I feed my bettas about 4/5 pellets a day. Since Albatross is a bit bigger, I usually give him 5/6. It's reasonable to say that the smaller fish need less pellets while bigger ones will eat more, so I think 6-8 pellets should be okay for a king...but I'm not really sure since I've never owned one.


----------



## DormDrax (Dec 1, 2010)

I always cave... 

I can't help it! If Drax see's me handling the food containers he starts darting along the glass where I normally feed him frantically opening his mouth doing a "MEEP MEEP!" Sorta thing with his mouth... it's so cute! 

He's an active one so I feed him 3-4 pellets twice a day and if I cave... I give him a treat of a blood worm (Freeze Dried).


----------



## crezelda (Dec 17, 2010)

i give mine 2 pellets and enough flake to cover a girl's pinky fingernail twice a day, and sometimes a pellet as a snack. once and awhile i'll give him half rations or fast just to be safe. I think alot of bettas on here can be fed a bit more than the instructions say, as most bettas are kept in a small tank at room temps, and my guy is nice and warm and swims around all day.

and yes he begs. i had no idea fish could learn to beg. i cave. i babytalk to him when i feed him.


----------



## toledoll (Dec 30, 2010)

I only do 2/3 pellets a day because I've noticed that he tends to swim to the bottom to eat the pellets I feed my cories.


----------



## demonr6 (Dec 27, 2010)

I have learned my lesson with overfeeding. My s/o would feed him 2-3 pellets if not more 2x plus a few freeze dried bloodworms and now we have a QT'ed, miserable fish that has been a mess for over two weeks. Once he pulls through this it is diet time for his own good... and my wife got a swift kick in the ass for creating a buffet atmosphere for him.


----------



## Grundylady (Jan 7, 2011)

How BIG are your pellets. I bought these "New Life Spectrum Betta Formula" and they are "1mm semi-floating pellets" I can't imagine that 2 or 3 is enough. The jar does not say.

I was just coming to ask how many how often when I saw this thread.

Bo just came home to us yesterday and always looks hungry. As a matter of fact he is always poking at the gravel trying to find food, and biting things.


----------



## demonr6 (Dec 27, 2010)

We were using the Nutra Fin I think, problem was even though they started off semi-small, they expanded hella big. They were not pre-soaked which made it worse so Marco was essentially gorging on these pellets and they inflated in his tiny stomach and it went south from there. It eventually caught up with us. Stupid pet store really doesn't know their ass from Adam.
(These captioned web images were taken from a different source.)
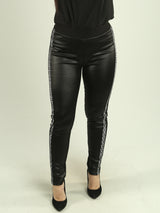 Rhinestone Embellished Faux Leather Fleece-Lined Pants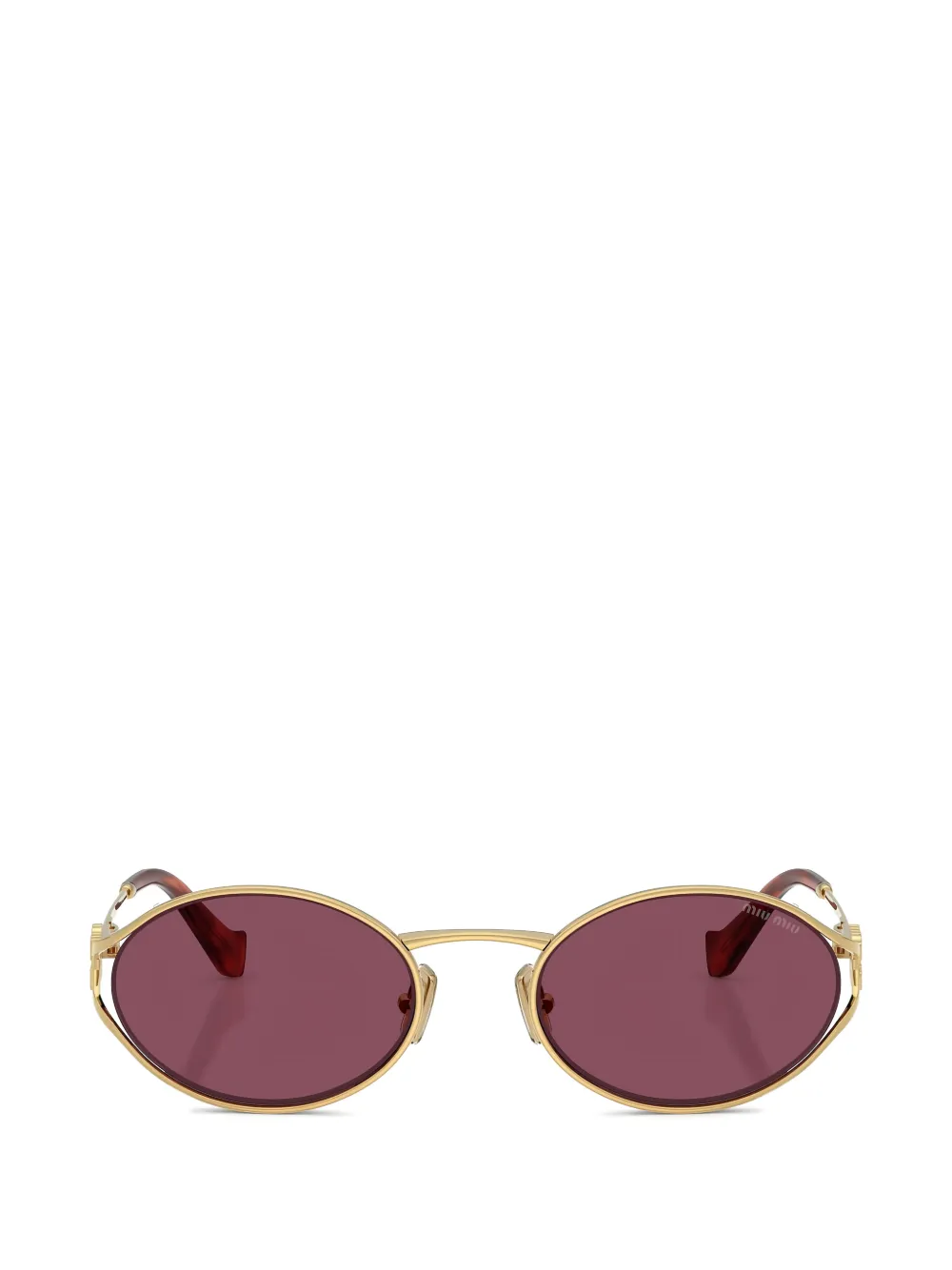 Miu Miu Eyewear Occhiali da sole tondi - Oro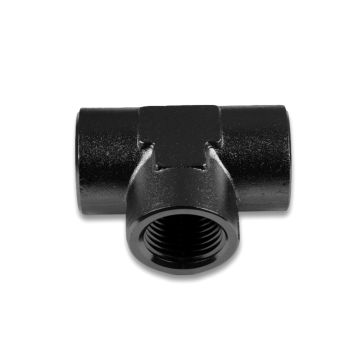 Tee female/female/female 1/8 NPT Black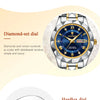 POEDAGAR Luxuriöse Damen-Kleideruhr, leuchtend, wasserdicht, Wochen- und Datumsanzeige, Damenarmbanduhr, Edelstahl-Damenquarzuhr reloj+box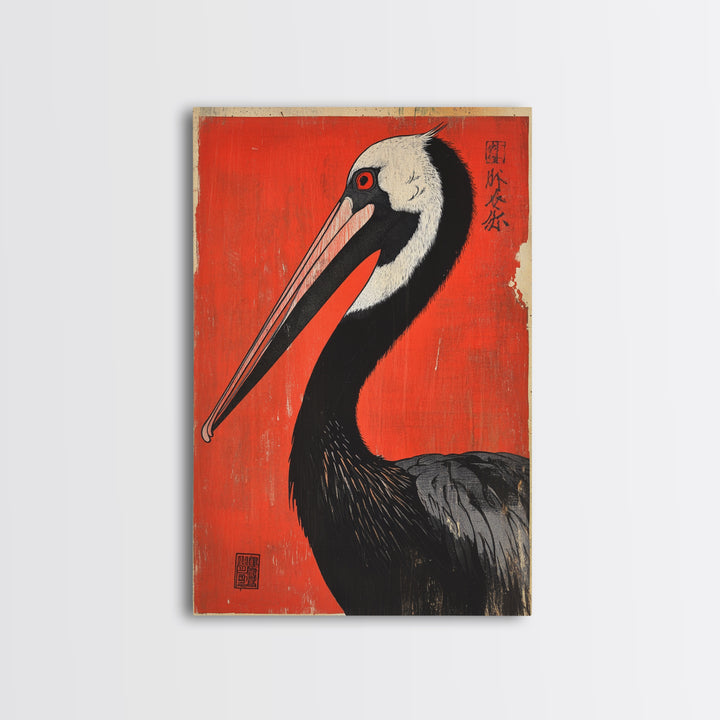 Black Necked Crane Bird On Red Japanese Canvas Print Wildlife Wall Art, Asian Decor, Bold Animal Art Poster Gift For Bird Lovers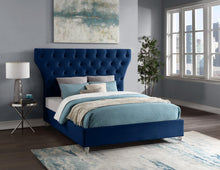 Load image into Gallery viewer, Kira Navy Velvet Queen Bed
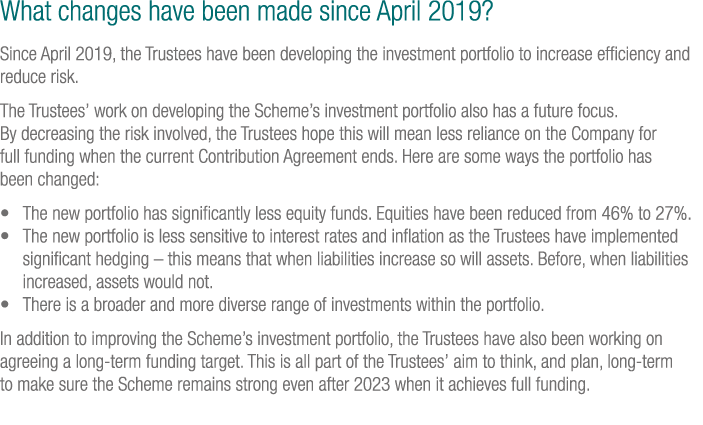 What changes have been made since April 2019  Since April 2019, the Trustees have been developing the investment port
This was before I hit the forums hard on the topic. I wish I had done so first. I was at PetSmart recently and caught the person in the fish section selling a guy a small cube, telling him to use plain tap water and no treatment since they live in dirty water anyways and to feed him as many pellets as he can eat twice daily. I promptly yanked the prospective fish owner aside after the PS tool was done with him. These people make it seem like you can simply throw them in a Dixie cup with toilet water and a bunch of food and they tend to themselves just fine. And don't get me started on the conditions of the poor Bettas at the Wal-Mart up the road. OMFG I want to choke the crap out of someone when I see the poor fish there.


----------



## Grundylady (Jan 7, 2011)

These pellets are the size of a head of a pin. They don't seem to get huge later.....

Sigh, I still don't know how much to give him. 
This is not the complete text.